6 - Negação de Serviço (DoS/DDoS): sobrecarrega servidores, redes ou aplicativos com solicitações falsas, impedindo acesso de usuários legítimos.

7 - Spoofing de DNS: manipula registros de DNS para redirecionar usuários para sites falsos e roubar dados sensíveis.

8 - Túnel de DNS (DNS Tunneling): abusa do protocolo DNS para infiltrar dados ou estabelecer comunicação com servidores maliciosos.

9 - Downloads Invisíveis (Drive-by Download): baixa malware automaticamente para dispositivos sem interação direta.

10 - Ameaças Internas: surgem de pessoas com acesso legítimo à infraestrutura ou dados da organização, causando vazamento, roubo ou destruição de informações.

Saiba como se prevenir

A prevenção e a resiliência digital são garantidas por meio de uma combinação de tecnologia, protocolos de segurança e capacitação de equipes. Essa abordagem integrada é essencial para proteger tanto infraestruturas críticas quanto informações pessoais contra ameaças cibernéticas cada vez mais sofisticadas.

Tecnologias Essenciais

A implementação de ferramentas tecnológicas robustas é a primeira linha de defesa contra ataques.

Destacam-se as seguintes:

• Firewalls: Para monitorar e controlar o tráfego de rede, prevenindo acessos não autorizados.

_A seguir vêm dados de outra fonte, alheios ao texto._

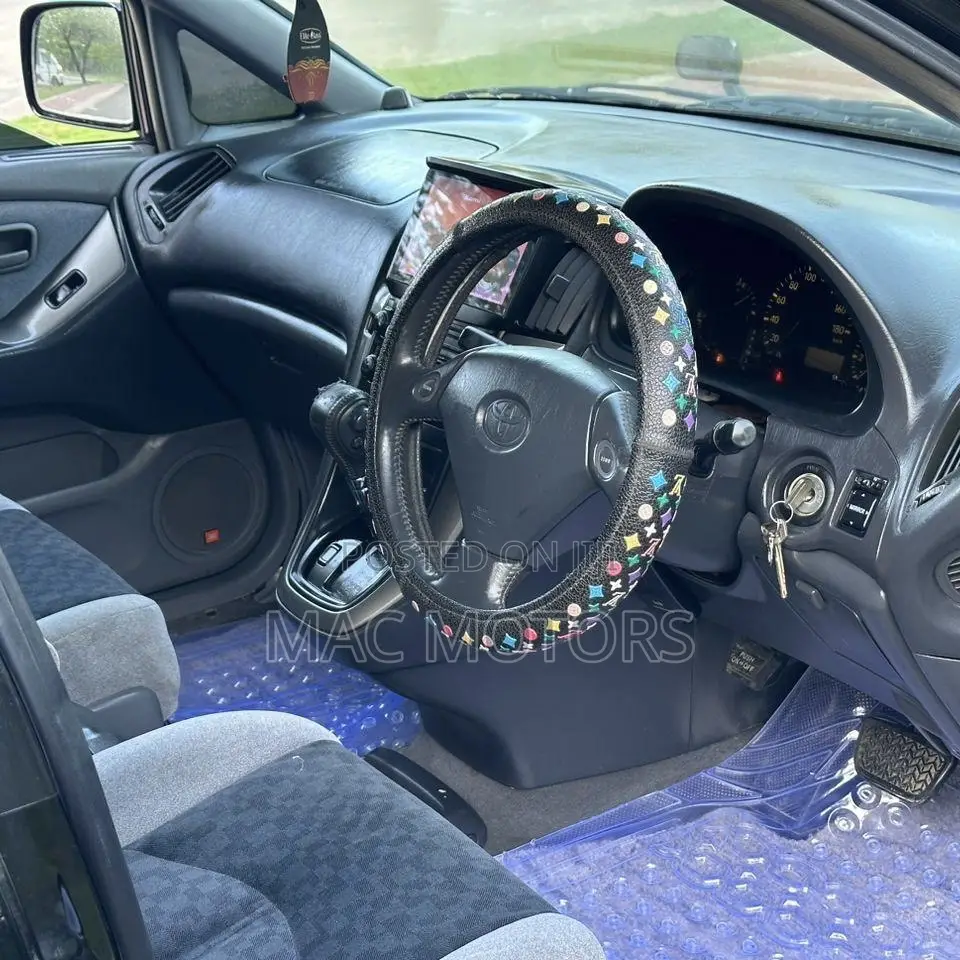 Toyota Harrier 2.4 16V 2000 Black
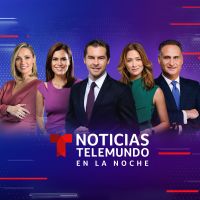 Noticias Telemundo en la Noche cover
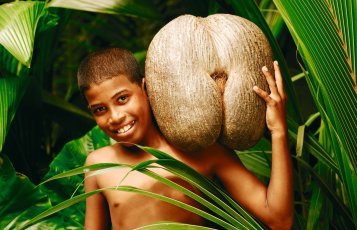 Junge mit Coco de Mer auf den Seychellen &copy; R. Sahuquet/Seychelles Tourist Board/www.fotoseeker.com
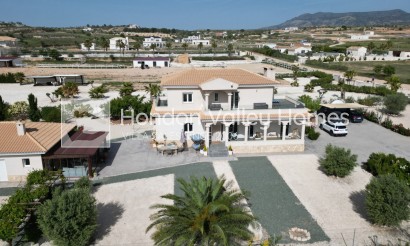 Resale - Villa - Pinoso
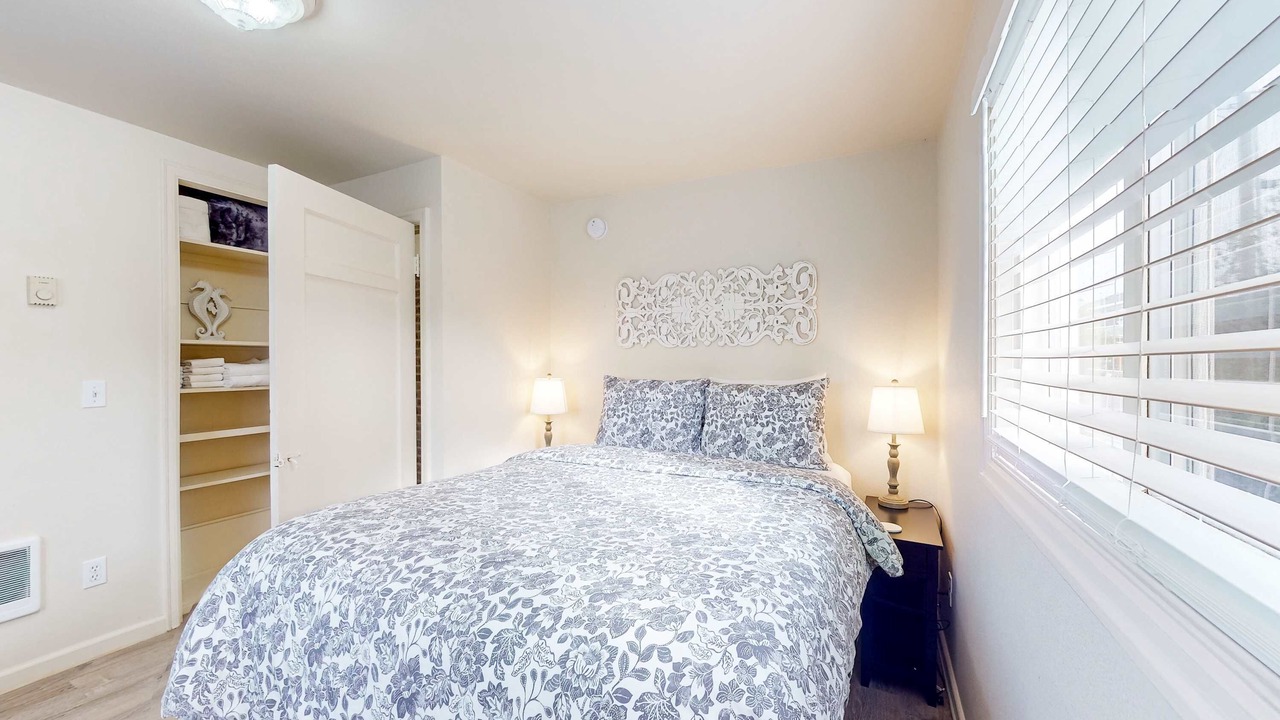 Photo of Bedroom in Waldport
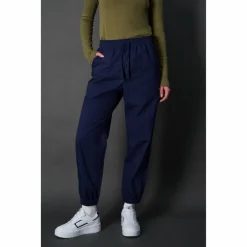 CHAMPION · Minimalist Resort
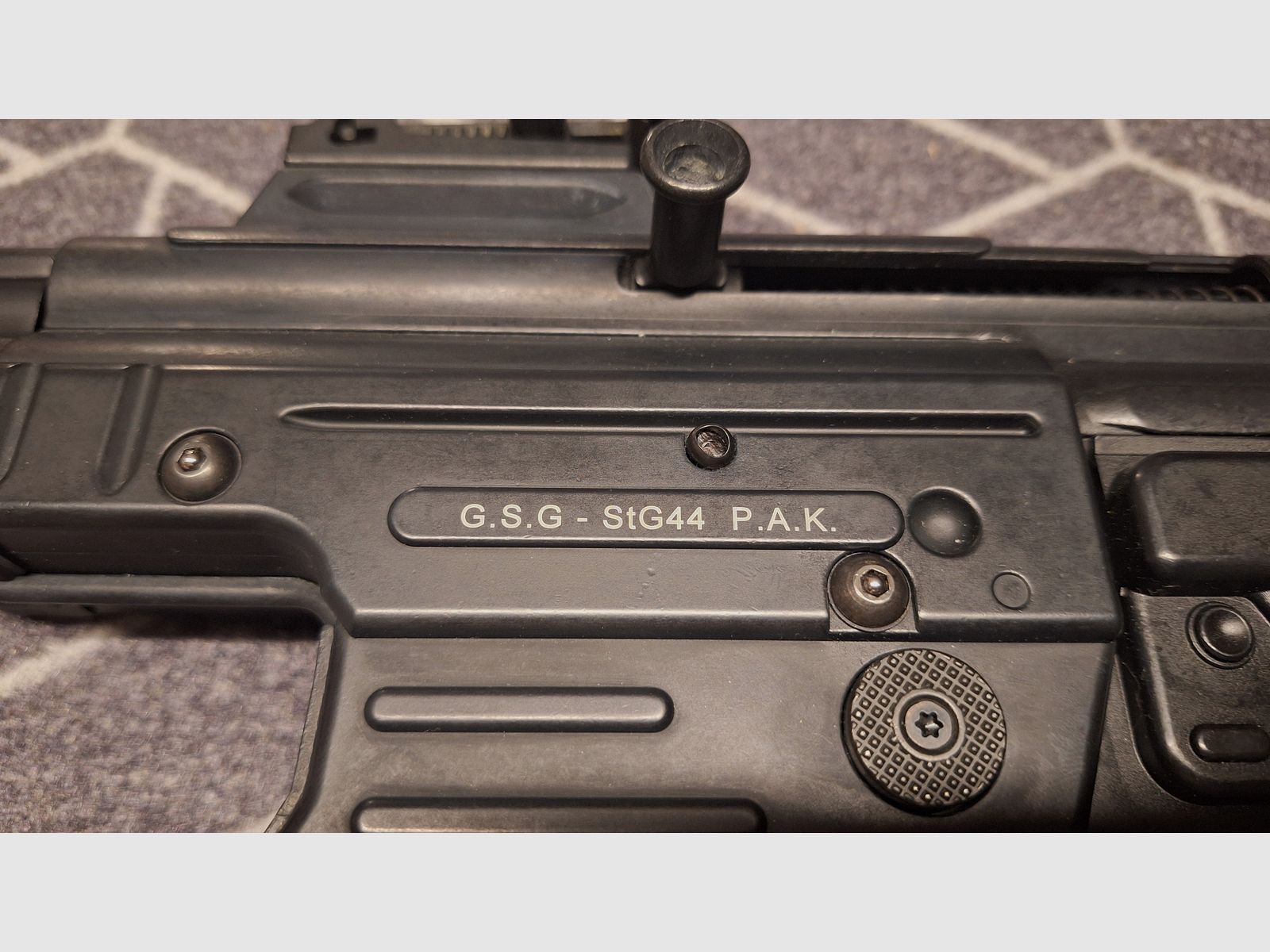 STG44 G.S.G. Schreckschuss Gewehr 9 mm P.A.K. NEU!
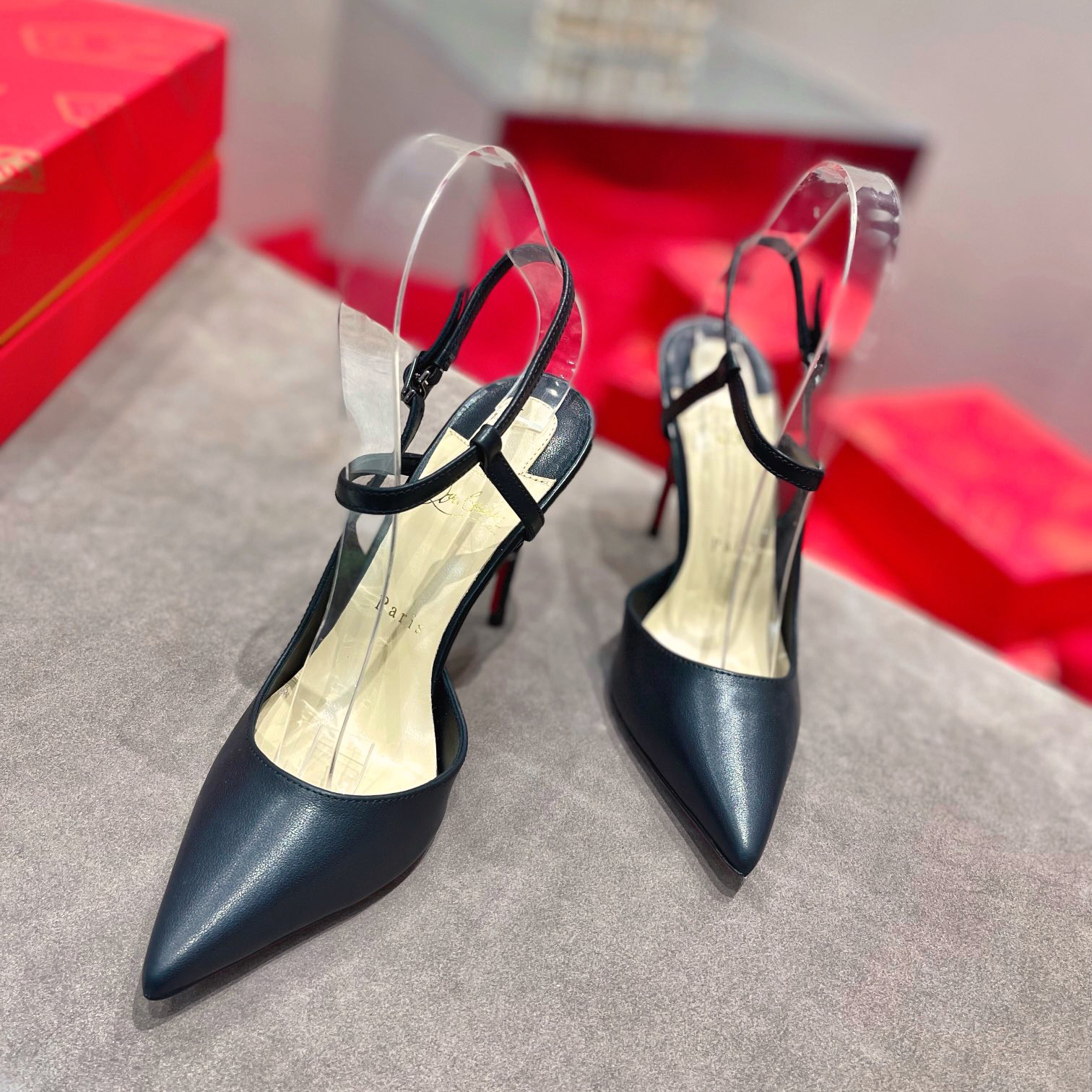 Christian Louboutin Jenlove  - DesignerGu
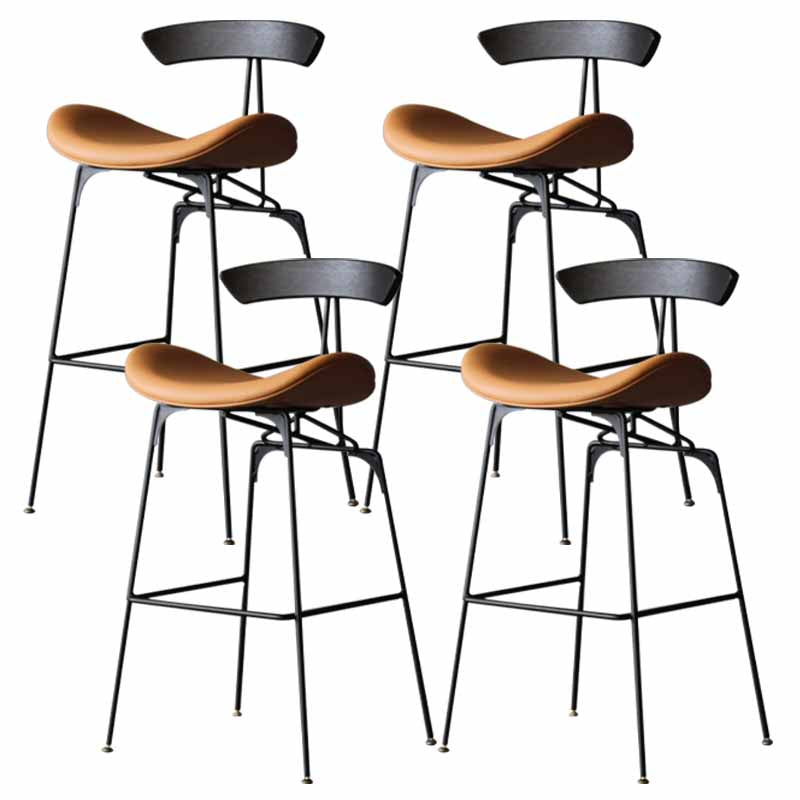 Mit Eisen gepolsterte Thekenhocker. Industrielle Barhocker mit niedriger Rückenlehne und Sattelsitz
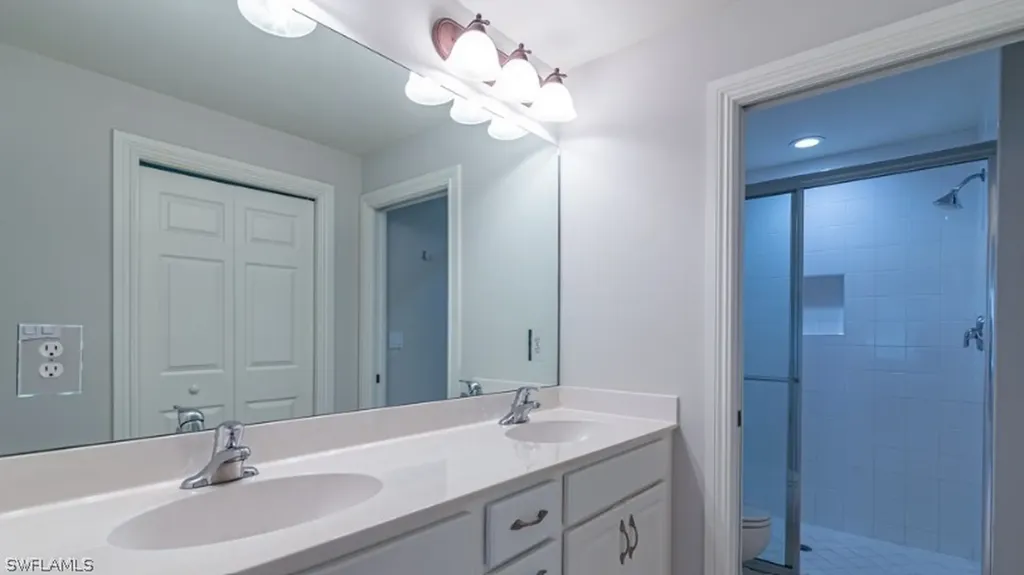 9113 Michael Circle Naples FL 34113
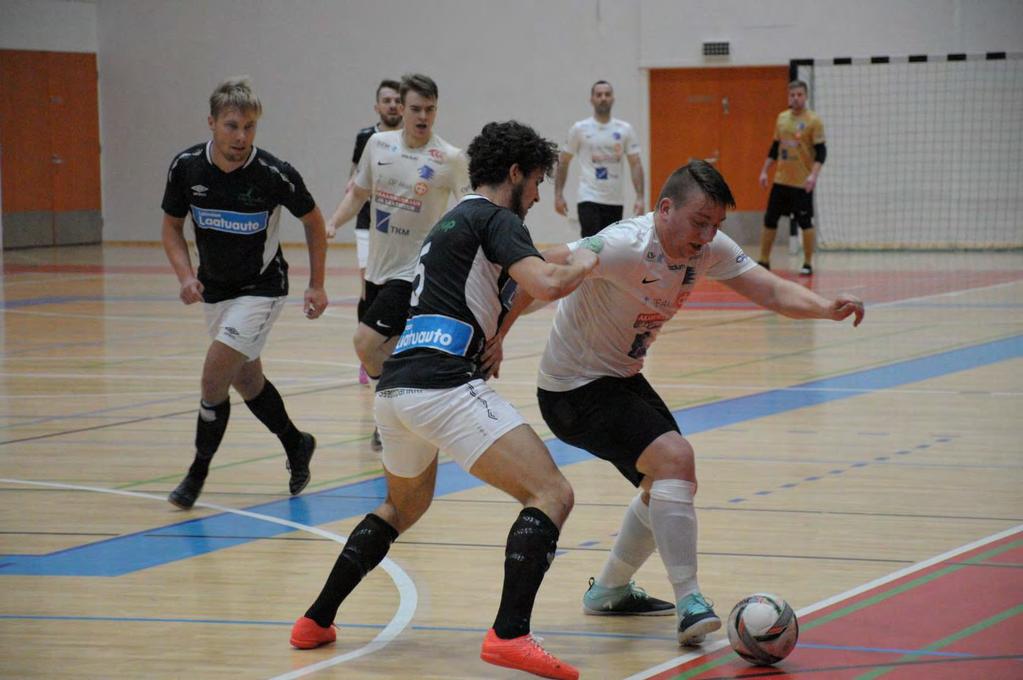 Futsalkausi 2017-2018 jäi myös aikuisten sarjoissa vähän vaisuksi. Miesten Futsal-Liigassa SoVo putosi puolivälierissä suoraan voitoin 0-3 Leijona Futsalille.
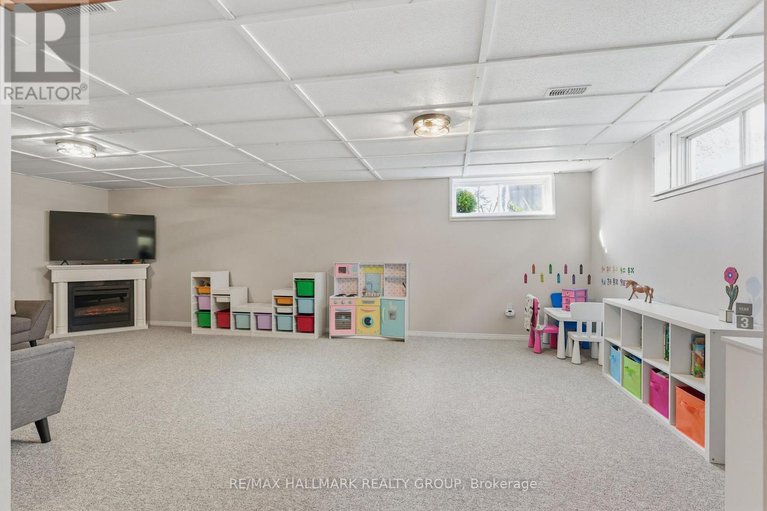 29042436/54-christie-lane/winchester/north-dundas/ontario/K0C2K0_31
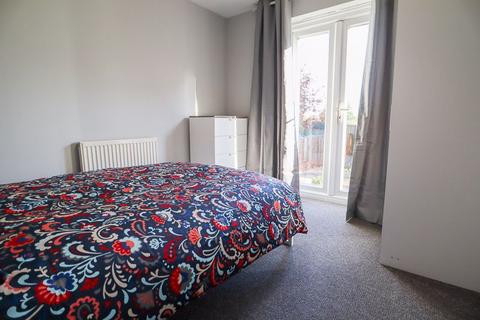 1 bedroom in a house share to rent - Attoe Walk, Norwich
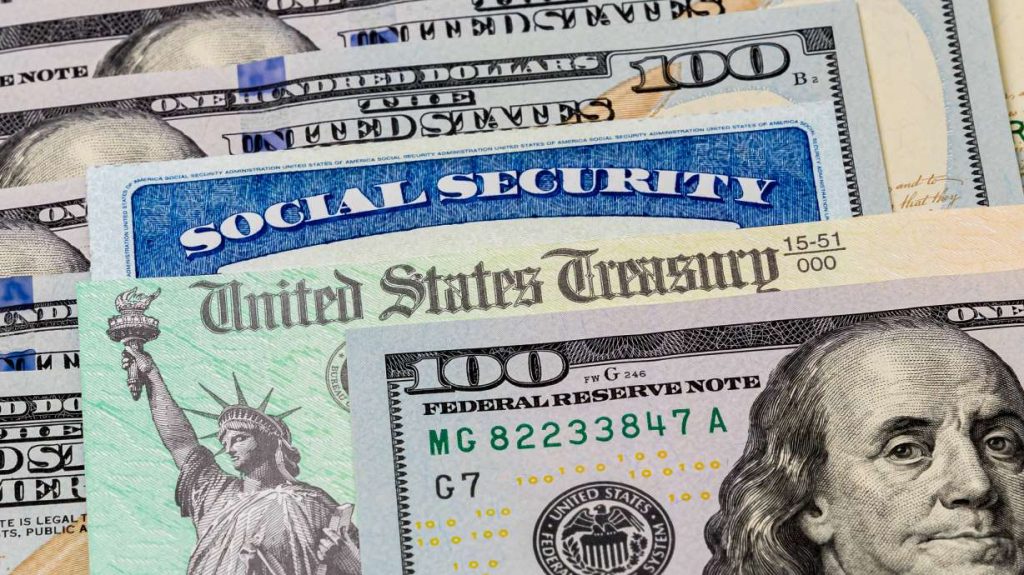 7 important factors to think about before applying for Social Security benefits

Autenticação multifator: Adiciona uma camada extra de segurança, exigindo mais de uma forma de verificação para conceder acesso.

Monitoramento contínuo: Permite a detecção de atividades suspeitas em tempo real para uma resposta rápida.

Políticas de backup: essenciais para a recuperação de dados em caso de ataques como ransomware (tipo de software malicioso) ou sequestro de dados.

Inteligência artificial e análise preditiva: Consideradas tecnologias do futuro para a segurança digital, são capazes de antecipar comportamentos suspeitos e permitir uma reação mais rápida e precisa.

Cultura de segurança

Especialistas alertam que a tecnologia sozinha não é suficiente. É crucial desenvolver uma cultura de segurança e preparar as pessoas para identificar e reagir a ameaças. As medidas humanas e protocolares incluem:

• Capacitação e treinamentos regulares: Promover a formação contínua de colaboradores, tanto no setor privado quanto no público, para que saibam como agir diante de ameaças.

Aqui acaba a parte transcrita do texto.